* [Instructions for the task]
Track down each line below containing the string "Blue" and copy it.

**** Input

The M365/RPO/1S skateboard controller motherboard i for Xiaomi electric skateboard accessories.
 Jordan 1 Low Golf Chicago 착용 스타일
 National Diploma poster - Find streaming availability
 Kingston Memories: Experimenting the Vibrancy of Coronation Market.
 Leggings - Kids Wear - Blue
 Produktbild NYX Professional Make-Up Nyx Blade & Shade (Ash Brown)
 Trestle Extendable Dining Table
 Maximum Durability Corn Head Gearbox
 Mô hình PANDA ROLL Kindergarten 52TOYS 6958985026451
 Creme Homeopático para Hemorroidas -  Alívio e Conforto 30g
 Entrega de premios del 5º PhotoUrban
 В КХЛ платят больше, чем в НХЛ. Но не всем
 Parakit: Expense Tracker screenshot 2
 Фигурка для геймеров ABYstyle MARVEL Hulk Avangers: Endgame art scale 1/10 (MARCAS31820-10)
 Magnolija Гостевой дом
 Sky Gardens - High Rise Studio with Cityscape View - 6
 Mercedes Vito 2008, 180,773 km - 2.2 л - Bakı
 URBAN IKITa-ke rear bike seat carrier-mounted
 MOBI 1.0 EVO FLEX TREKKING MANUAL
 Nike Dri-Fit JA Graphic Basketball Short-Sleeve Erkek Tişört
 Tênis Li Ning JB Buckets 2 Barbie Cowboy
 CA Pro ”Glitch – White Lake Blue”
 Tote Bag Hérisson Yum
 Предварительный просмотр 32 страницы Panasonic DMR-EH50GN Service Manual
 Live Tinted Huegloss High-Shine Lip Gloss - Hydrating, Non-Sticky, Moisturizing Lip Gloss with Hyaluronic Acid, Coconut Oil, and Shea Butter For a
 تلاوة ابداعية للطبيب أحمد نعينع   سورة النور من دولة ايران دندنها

********

* [Task answer]
 Leggings - Kids Wear - Blue
 CA Pro ”Glitch – White Lake Blue”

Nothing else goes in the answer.